→ **TASK INPUT**
»»

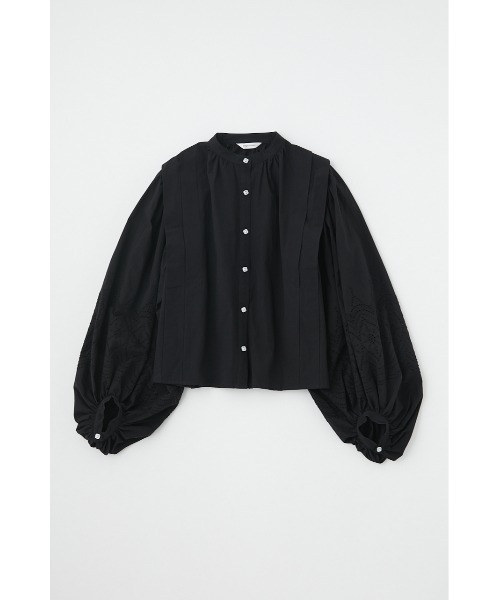 MOUSSY(マウジー)の「EYELET TUCK ブラウス(シャツ/ブラウス・レディース・ブルー/オフホワイト/ブラック・FREE)」の16枚目の写真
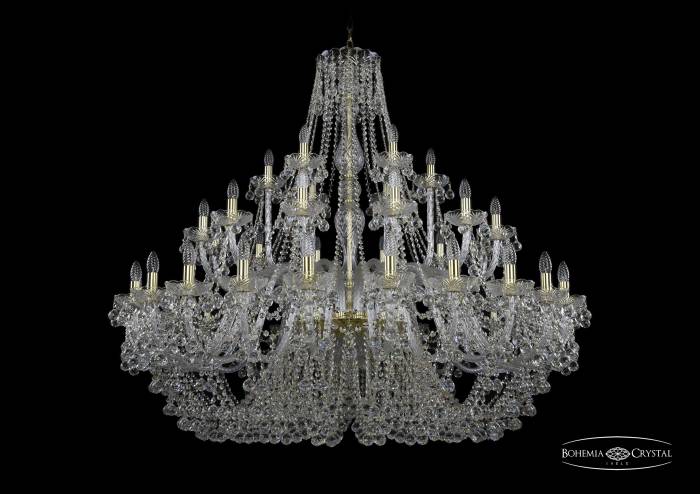 Подвесная хрустальная люстра 1409 Bohemia 1409/24+12+6/530 G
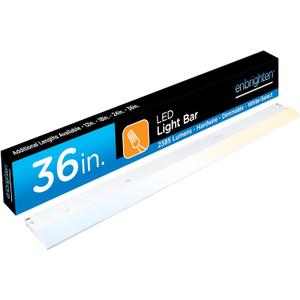 Enbrighten 36 inch Hardwired Under Cabinet Lights, 2385 Lumens, Five White Settings from (2700K-6500K), Full Range Dimmable, Under Counter Light, Linkable Under Counter Lights for Kitchen 82923-T1
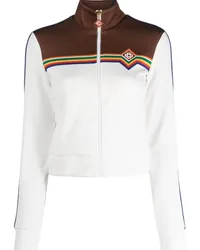 Casablanca Paris Steppjacke mit Einsätzen Weiß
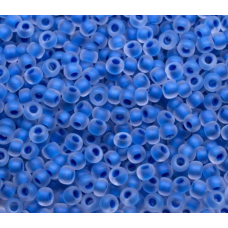 38338 matt бісер №10 Preciosa (Чехія) 5 грамів. Прозорий матовий профарбований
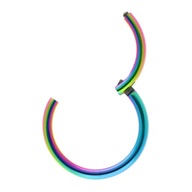 dúhový CLICKER RING 316L OCEL 1,2/8 mm dúhový CLICKER RING 316L OCEL 1,2/8 mm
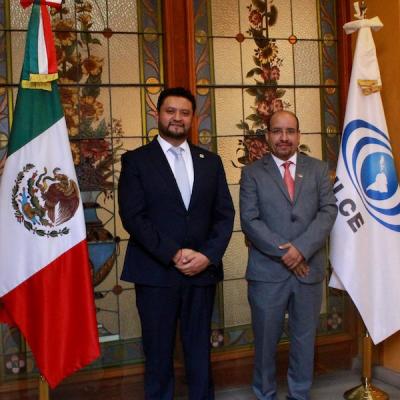 Excmo. Sr. Mojtar Leboihi Emboiric. Embajador extraordinario y plenipotenciario de la República Árabe Saharaui Democrática 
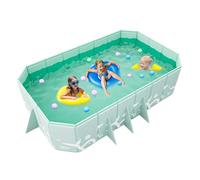 Piscine pliable non gonflable, non gonflable, pliable, portable, épaissie de terre - En plein air, dure et confortable pour les fêtes aquatiques d'été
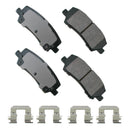 Akebono ACT1793 Disc Brake Pad Set - Rear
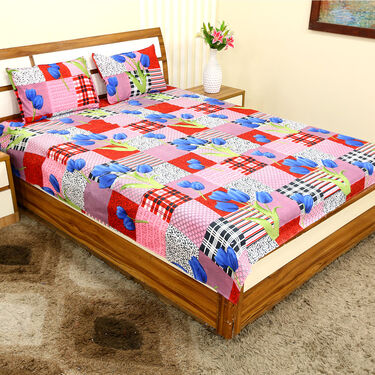 Pack of 8 Blossom Collection Double Bedsheets Set (8BS50)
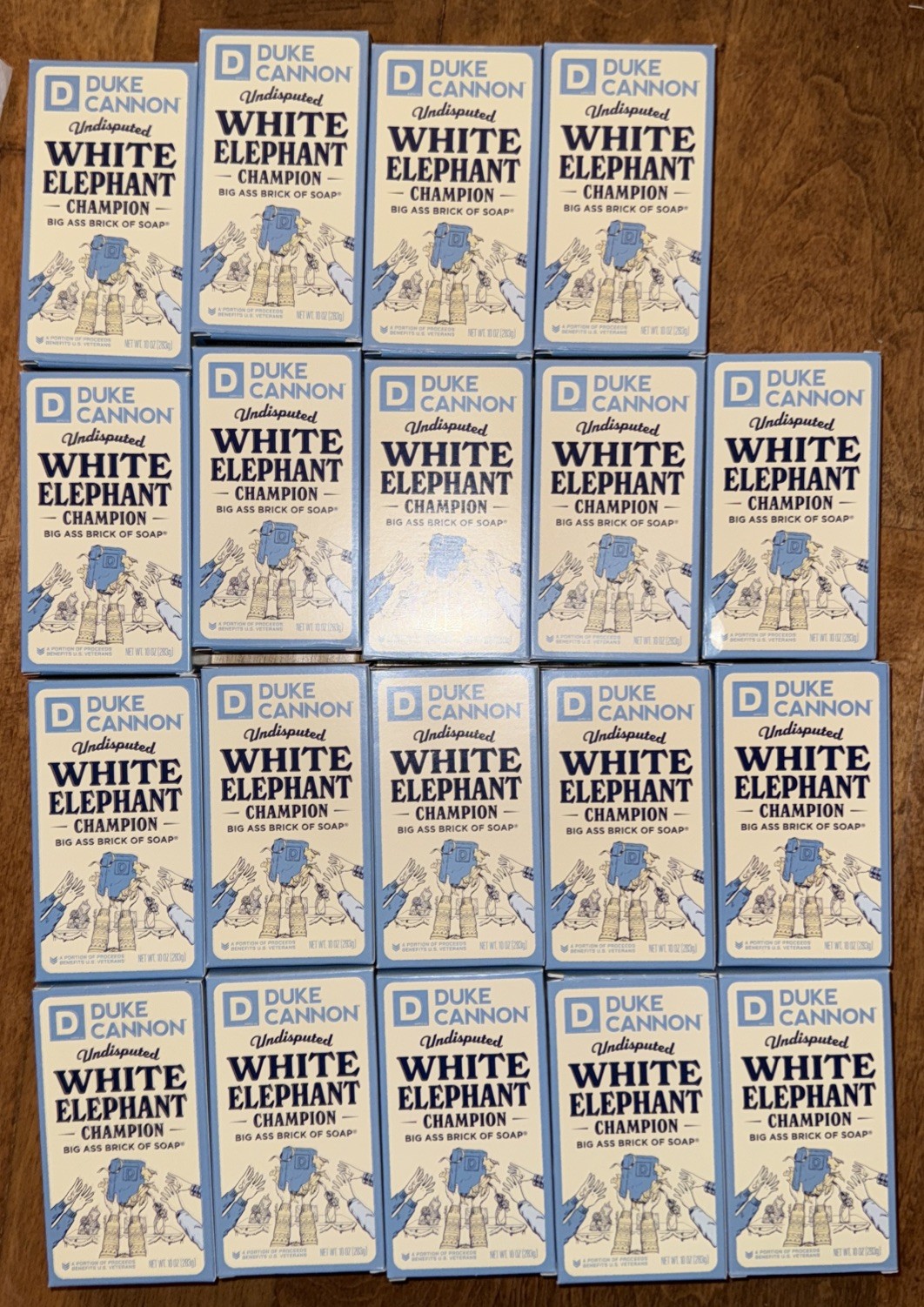 Lot Of 19 Duke Cannon Bar Soap white elephant champion big ass brick 10oz Bar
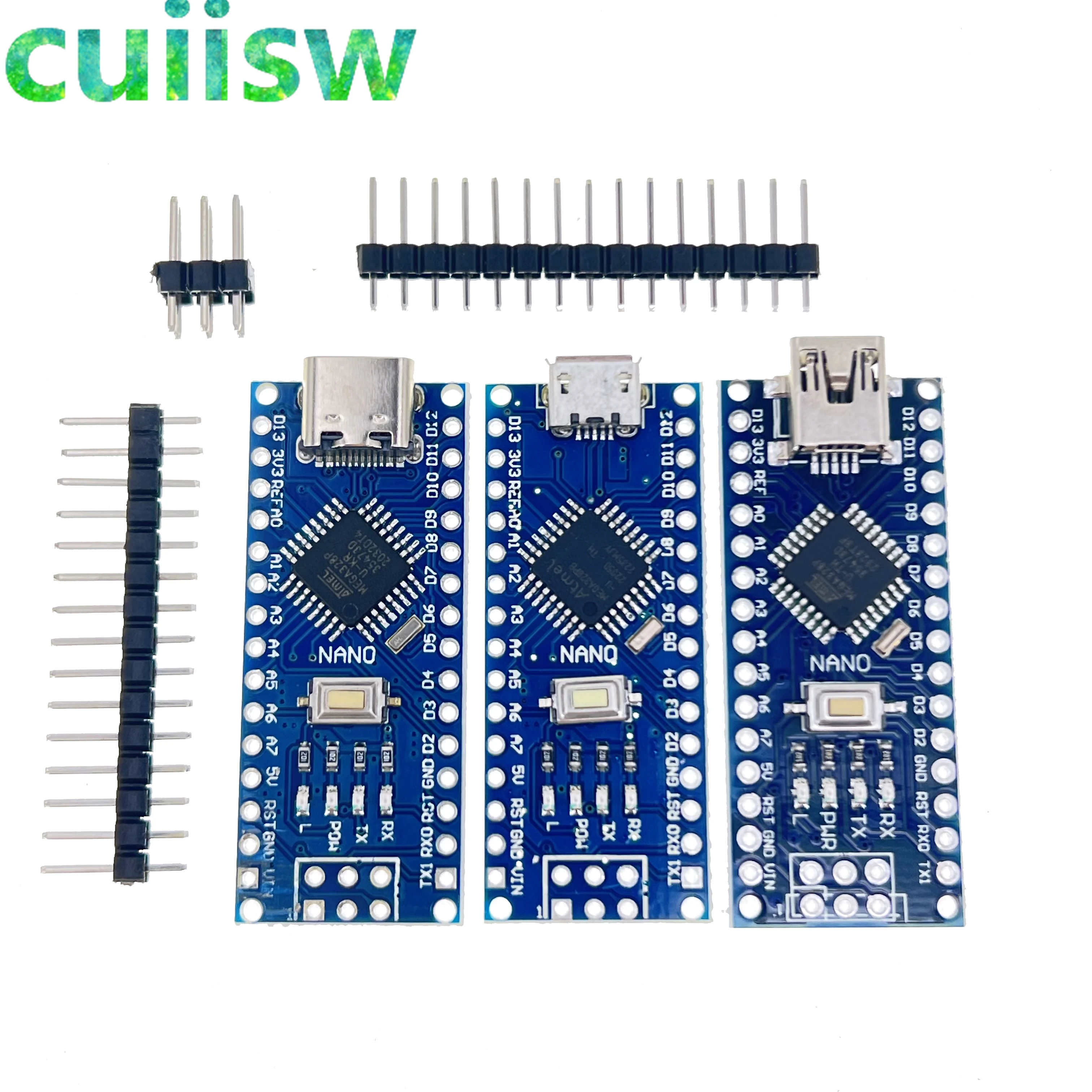 Nano 3.0 controller compatible with for cuiisw nano CH340 USB driver with CABLE NANO V3.0 ATMEGA328P Type-C / Micro USB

««

→ **TASK**
Copy the lines above exactly, starting at the one with "Enbrighten 36 inch" and ending at the one with "dúhový CLICKER RING 316L OCEL 1,2/8 mm dúhový", both included. Leave out any pictures and add nothing else.

→ **WRITTEN SOLUTION**
 Enbrighten 36 inch Hardwired Under Cabinet Lights, 2385 Lumens, Five White Settings from (2700K-6500K), Full Range Dimmable, Under Counter Light, Linkable Under Counter Lights for Kitchen 82923-T1
 Casablanca Paris Steppjacke mit Einsätzen Weiß
 38338 matt бісер №10 Preciosa (Чехія) 5 грамів. Прозорий матовий профарбований
 dúhový CLICKER RING 316L OCEL 1,2/8 mm dúhový CLICKER RING 316L OCEL 1,2/8 mm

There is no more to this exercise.